• _What you have to do_:
For the data below, give again exactly the lines from the one containing "a gold coin with a woman ' s profile on it" through the one containing "Helsinki, Finlandiya - 1", both ends included, and no others.

═══ Material to process ═══

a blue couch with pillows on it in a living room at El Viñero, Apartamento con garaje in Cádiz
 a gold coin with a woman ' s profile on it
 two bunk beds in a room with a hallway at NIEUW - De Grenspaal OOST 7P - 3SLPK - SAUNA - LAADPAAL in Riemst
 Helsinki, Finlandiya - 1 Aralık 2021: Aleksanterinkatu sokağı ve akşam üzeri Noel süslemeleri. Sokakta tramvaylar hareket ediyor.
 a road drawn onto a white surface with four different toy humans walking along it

═══

• _Exercise output_:
 a gold coin with a woman ' s profile on it
 two bunk beds in a room with a hallway at NIEUW - De Grenspaal OOST 7P - 3SLPK - SAUNA - LAADPAAL in Riemst
 Helsinki, Finlandiya - 1 Aralık 2021: Aleksanterinkatu sokağı ve akşam üzeri Noel süslemeleri. Sokakta tramvaylar hareket ediyor.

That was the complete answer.